Well, over the weekend, the District Court gave its reasons in Dellinger v. Bessent, permanently enjoining the Administration from firing Mr. Dellinger, who by statute may only be removed for “inefficiency, neglect of duty, or malfeasance in office.” The curt letter that notified Mr. Dellinger of his immediate dismissal gave no reason at all. This doing something for no reason thing is contagious.
We are interested in this case as it touches on statutory protections for employees of the federal government, and so there is not much more to say that is of interest from the perspective of contracts law. This is the tip of the iceberg as far as the litigation goes. The Administration’s legal argument that it is entitled to remove employees of the executive branch notwithstanding statutory protections rests on the Unitary Executive Theory, recently discussed by Cass Sunstein in The New York Times. My own humble contribution on this subject can be found here. Ultimately, the Court will decide whether it is consistent with the structural Constitution for Congress to require the President to give some reason for sacking the person tasked with protecting federal employees who allege wrongdoing within the federal bureaucracy from retaliatory conduct, perhaps by the alleged wrongdoers.

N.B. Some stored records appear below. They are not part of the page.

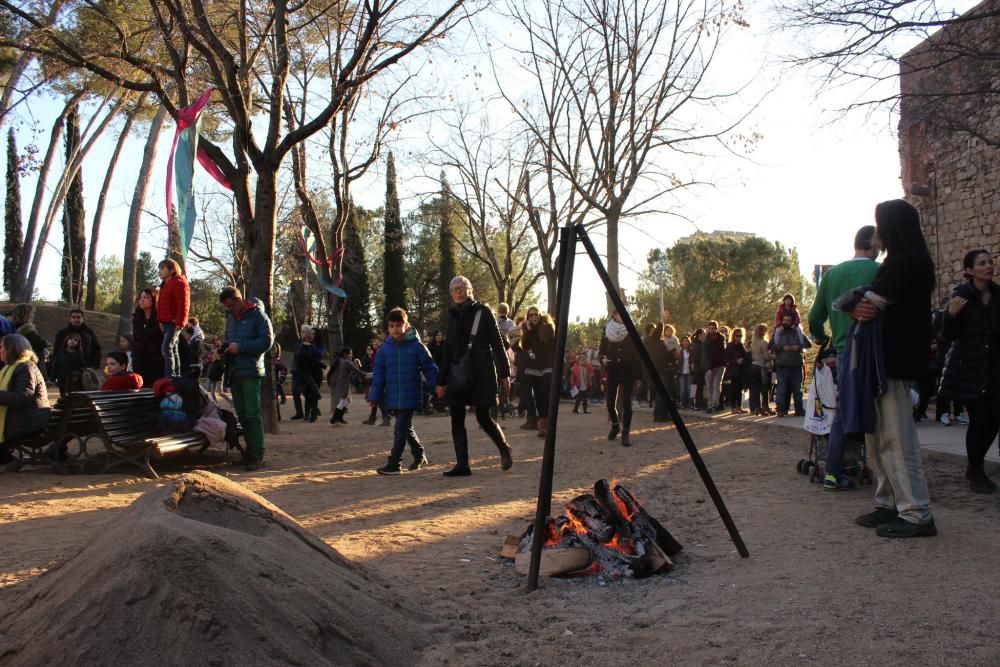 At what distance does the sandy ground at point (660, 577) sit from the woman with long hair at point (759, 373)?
6081 millimetres

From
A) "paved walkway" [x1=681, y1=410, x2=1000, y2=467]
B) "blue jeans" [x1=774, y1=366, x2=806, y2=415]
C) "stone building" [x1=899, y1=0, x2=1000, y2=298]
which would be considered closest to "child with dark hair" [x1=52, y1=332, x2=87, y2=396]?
"paved walkway" [x1=681, y1=410, x2=1000, y2=467]

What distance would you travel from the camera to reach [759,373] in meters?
14.8

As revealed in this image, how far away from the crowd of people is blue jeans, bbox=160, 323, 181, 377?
3 centimetres

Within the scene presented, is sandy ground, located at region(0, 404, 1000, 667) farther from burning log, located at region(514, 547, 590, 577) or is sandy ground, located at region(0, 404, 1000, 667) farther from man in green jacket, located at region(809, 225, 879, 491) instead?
man in green jacket, located at region(809, 225, 879, 491)

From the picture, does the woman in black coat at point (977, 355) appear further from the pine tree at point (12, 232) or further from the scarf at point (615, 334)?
the pine tree at point (12, 232)

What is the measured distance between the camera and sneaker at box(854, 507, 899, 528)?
5.08 m

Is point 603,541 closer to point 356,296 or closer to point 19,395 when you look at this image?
point 19,395

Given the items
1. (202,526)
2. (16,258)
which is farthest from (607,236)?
(16,258)

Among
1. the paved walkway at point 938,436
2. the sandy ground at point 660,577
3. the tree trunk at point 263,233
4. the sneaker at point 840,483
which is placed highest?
the tree trunk at point 263,233

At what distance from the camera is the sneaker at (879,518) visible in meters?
5.08

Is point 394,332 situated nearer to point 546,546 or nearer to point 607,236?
point 546,546

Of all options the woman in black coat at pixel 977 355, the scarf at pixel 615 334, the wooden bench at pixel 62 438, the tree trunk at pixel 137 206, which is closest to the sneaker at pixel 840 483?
the woman in black coat at pixel 977 355

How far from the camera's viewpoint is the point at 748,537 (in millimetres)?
5074

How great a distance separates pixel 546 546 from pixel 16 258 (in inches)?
1848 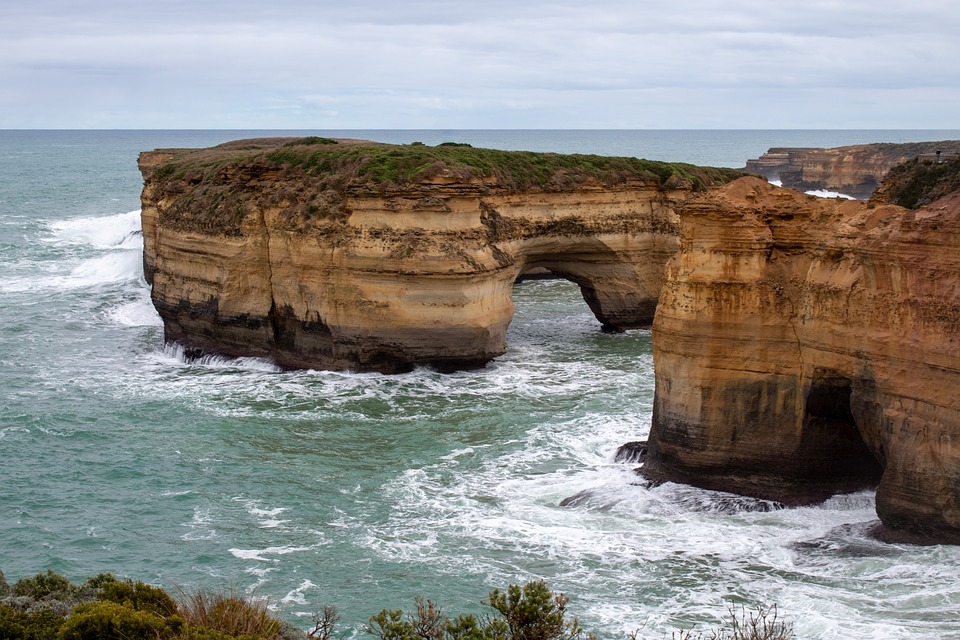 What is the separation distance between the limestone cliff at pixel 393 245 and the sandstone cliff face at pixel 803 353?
1050 cm

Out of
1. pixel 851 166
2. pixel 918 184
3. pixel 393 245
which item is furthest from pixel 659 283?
pixel 851 166

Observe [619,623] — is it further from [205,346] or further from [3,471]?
[205,346]

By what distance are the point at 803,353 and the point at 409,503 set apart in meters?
7.43

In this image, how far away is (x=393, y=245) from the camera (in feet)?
96.1

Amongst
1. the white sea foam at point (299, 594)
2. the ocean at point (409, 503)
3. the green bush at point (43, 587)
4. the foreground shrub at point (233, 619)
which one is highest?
the foreground shrub at point (233, 619)

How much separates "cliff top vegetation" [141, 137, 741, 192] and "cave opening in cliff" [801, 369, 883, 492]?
1400cm

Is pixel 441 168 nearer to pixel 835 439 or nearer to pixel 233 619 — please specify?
pixel 835 439

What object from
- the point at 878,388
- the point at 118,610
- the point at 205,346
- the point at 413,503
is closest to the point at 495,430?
the point at 413,503

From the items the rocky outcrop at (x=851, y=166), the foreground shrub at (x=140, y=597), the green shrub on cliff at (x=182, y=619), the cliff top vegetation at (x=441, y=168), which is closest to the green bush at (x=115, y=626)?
the green shrub on cliff at (x=182, y=619)

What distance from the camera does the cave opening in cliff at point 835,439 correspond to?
18172 mm

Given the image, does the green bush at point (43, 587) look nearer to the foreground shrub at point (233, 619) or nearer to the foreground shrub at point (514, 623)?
the foreground shrub at point (233, 619)

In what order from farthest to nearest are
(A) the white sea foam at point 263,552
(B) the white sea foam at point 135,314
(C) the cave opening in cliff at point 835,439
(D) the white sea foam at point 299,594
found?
(B) the white sea foam at point 135,314
(C) the cave opening in cliff at point 835,439
(A) the white sea foam at point 263,552
(D) the white sea foam at point 299,594

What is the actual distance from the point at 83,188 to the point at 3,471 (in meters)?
88.6

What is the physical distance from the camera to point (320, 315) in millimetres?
30234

The District Court in Dellinger v. Bessent does not address the Unitary Executive Theory by name. Rather, the Court writes as follows:
In sum, it would be antithetical to the very existence of this particular government agency and position to vindicate the President’s Article II power as it was described in Humphrey’s Executor: a constitutional license to bully officials in the executive branch into doing his will.
The citation to Humphrey’s Executor is ominous. As Cass Sunstein notes, the Administration’s Acting Solicitor General has already put Congress on notice of the Administration’s intention to challenge that case. This may be the first case to make it to SCOTUS that will give the Administration a shot at removing all statutory protections of workers at federal agencies. The argument, in short, is that because the Constitution’s Article II vests “all executive power” in a single President, the President must be empowered to both appoint and dismiss any employee within the executive branch. Not all scholars, and not even all originalists, agree that the laconic Article II Vesting Clause demands to be read in that way and that way alone. But if you think that result makes sense or that we are bound by it whether or not it makes sense because . . . originalism, Jonathan Gienapp wants a word.
In my view, this is one of those cases where appealing to original meaning just doesn’t make sense. Eighteenth-century sources tell us nothing about a federal bureaucracy grown vast beyond the Framers’ imagining. In such circumstances, we are left to our own devices. It is appropriate for courts to defer to the constitutional solutions devised by the political branches (see Hamilton in Federalist #78) empowered to liquidate constitutional meaning in practice (see Madison in Federalist #37). In an organization as large as the modern executive branch of our government, it makes sense to have internal ombudsmen, like the Special Counsel, who can check against abuses of power. It also makes sense to insulate those people from arbitrary removal by those whose conduct they review. That has been our practice for decades, and courts bowed to such practices, even when they disagreed with them, going back to Stuart v. Laird (1803).